Je me souviens que sur la pelouse du joli jardin de Jacques Prévert, à côté de la longère que le poète avait acquise à Omonville-la-Petite dans le Cotentin un petit écriteau reprenait cette sentence qu’on peut retrouver dans le recueil « Fatras » qui fourmille d’aphorismes et de collages:

                                Mangez sur l’herbe

                                Dépêchez-vous 

                                Un jour ou l’autre 

                                L’herbe mangera sur vous.

   Nous sommes un peu loin des haïku de mon dernier kaléidoscope même si la mort est souvent en lien avec la nature comme dans ces haïku que Kobayashi Issa fit graver sur sa tombe en 1827:

                                Ce sera donc cela

                                ma dernière demeure ?

                                cinq pieds de neige    

      

                                Quand je serai mort

                                sois gardienne de ma tombe

                                sauterelle !

   Sur la tombe de Jacques Prévert, au petit cimetière d’Omonville-la-petite ( à ne pas confondre avec Omonville-la-Rogue )-à deux pas de la maison de Jacques Prévert que l’on visite avec bonheur et le sourire aux lèvres- pas de haïku – ni de croix, pour cet anticlérical- mais de petits galets dessinés par des enfants, en guise d’ex-voto.

   Les déjeuners sur l’herbe ne sont pas encore de saison… sauf pour les chevaux, qui font partie du bestiaire de Jacques Prévert, en compagnie des oiseaux, des baleines, des dromadaires mécontents, des escargots, et bien entendu des ratons-laveurs.

Et je ne résiste pas au plaisir de reproduire le deuxième poème du recueil « Paroles », beaucoup moins connu que le troisième intitulé « La pêche à la baleine ».

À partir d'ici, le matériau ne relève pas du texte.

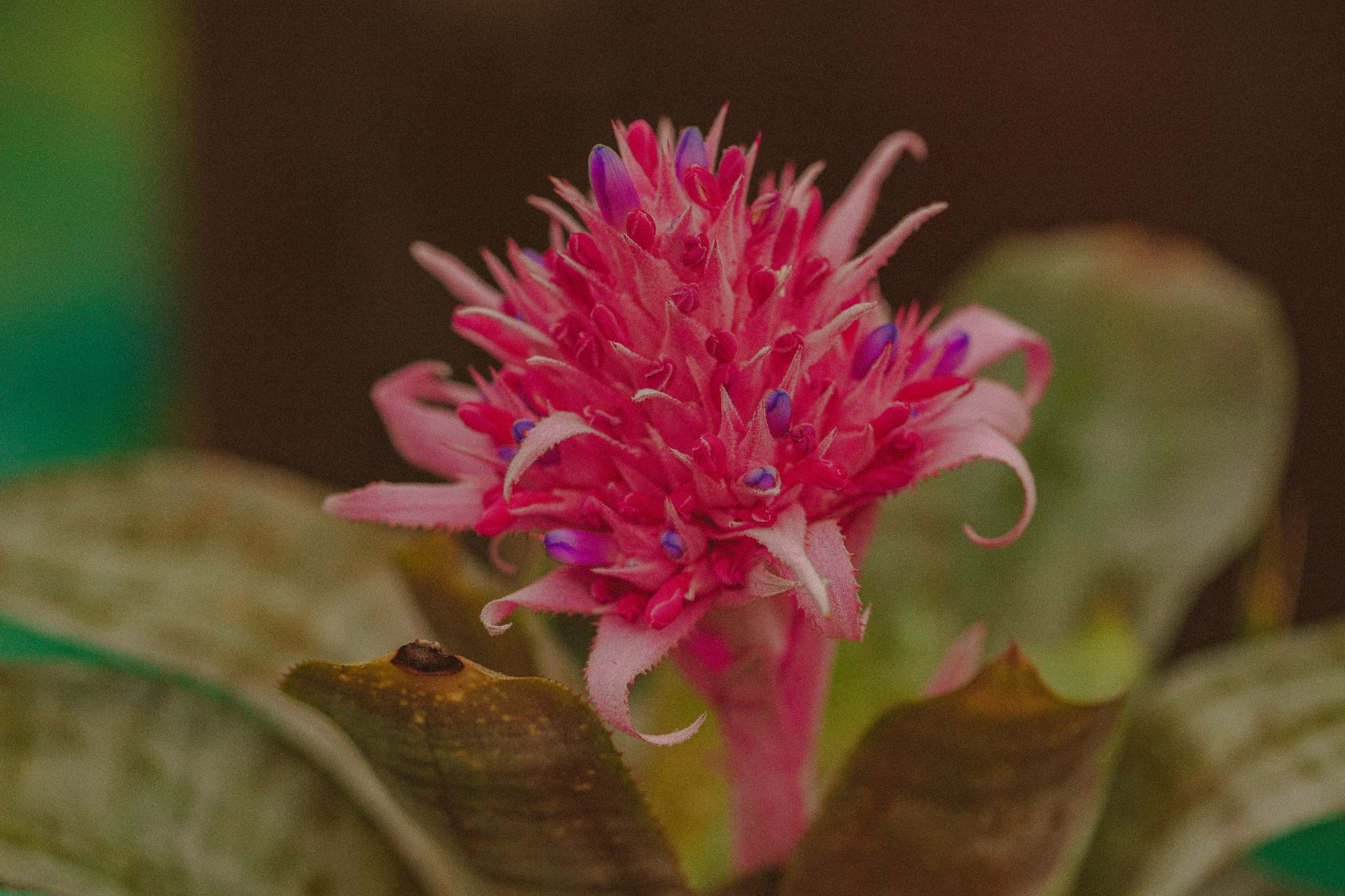 Detail listovej ružice rastliny Aechmea dichlamydea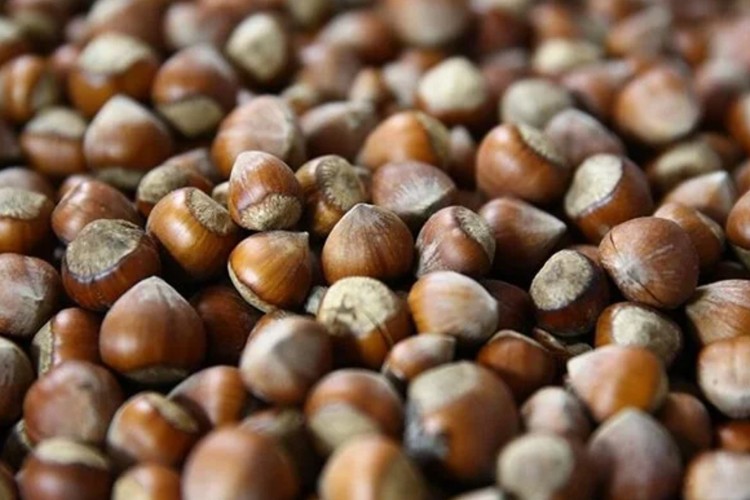 Giresun'da fındık ne kadardan işlem görüyor?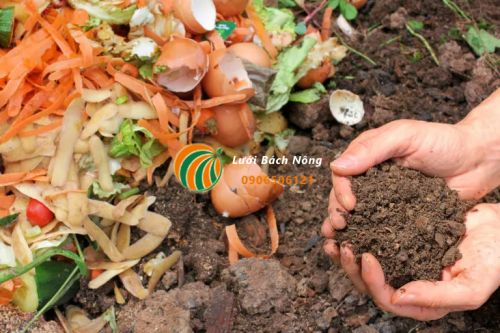 Sử dụng phân hữu bón cho đất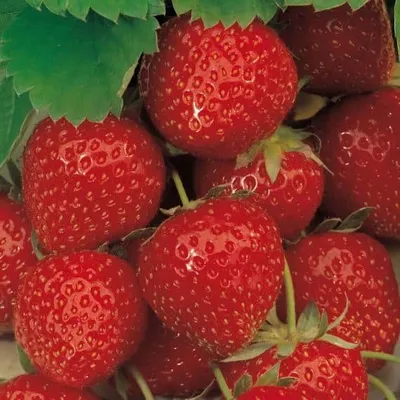 Eper „Ostara” (Folytontermő)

                    HISTOIRE DU CHEVAL 

Braves gens écoutez ma complainte

écoutez l’histoire de ma vie

c’est un orphelin qui vous parle

qui vous raconte ses petits ennuis

hue donc…

Un jour un général

ou bien c’était une nuit

un général eut donc

deux chevaux tués sous lui

ces deux chevaux c’étaient

hue donc…

que la vie est amère

c’étaient mon pauvre père

et puis ma pauvre mère

qui s’étaient cachés sous le lit

sous le lit du général qui

qui s’était caché à l’arrière

dans une petite ville du Midi.

Le général parlait

parlait tout seul la nuit

parlait en général de ses petits ennuis

et c’est comme ça que mon père

et c’est comme ça que ma mère

hue donc…

une nuit sont morts d’ennui.

Pour moi la vie de famille était déjà finie

sortant de la table de nuit

au grand galop je m’enfuis

je m’enfuis vers la grande ville

où tout brille et tout luit

en moto j’arrive à Sabi en Paro

excusez-moi je parle cheval

un matin j’arrive à Paris en sabots

je demande à voir le lion

le roi des animaux

je reçois un coup de brancard

sur le coin du naseau

car il y avait la guerre

la guerre qui continuait

on me colle des œillères

me v’là mobilisé

et comme il y avait la guerre

la guerre qui continuait

la vie devenait chère

les vivres diminuaient

et plus ils diminuaient

plus les gens me regardaient

avec un drôle de regard

et les dents qui claquaient

ils m’appelaient beefsteak

je croyais que c’était de l’anglais

hue donc…

tous ceux qu’étaient vivants

et qui me caressaient

attendaient que j’ sois mort

pour pouvoir me bouffer.

Une nuit dans l’écurie

une nuit où je dormais

j’entends un drôle de bruit

une voix que je connais

c’était le vieux général

le vieux général qui revenait

qui revenait comme un revenant

avec un vieux commandant

et ils croyaient que je dormais

et ils parlaient très doucement.

Assez assez de riz à l’eau

nous voulons manger de l’animau

y a qu’à lui mettre dans son avoine

des aiguilles de phono.

Alors mon sang ne fit qu’un tour

comme un tour de chevaux de bois

et sortant de l’écurie

je m’enfuis dans les bois.

Maintenant la guerre est finie

et le vieux général est mort

est mort dans son lit

mort de sa belle mort

mais moi je suis vivant et c’est le principal

bonsoir

bonne nuit

bon appétit mon général.

Et pour terminer deux aphorismes de Prévert :

-Le propre de l’écrivain, c’est de jouer avec les mots, même si le 

sale du banquier est de jongler avec des chiffres.

– J’ai reconnu le bonheur au bruit qu’il faisait en partant.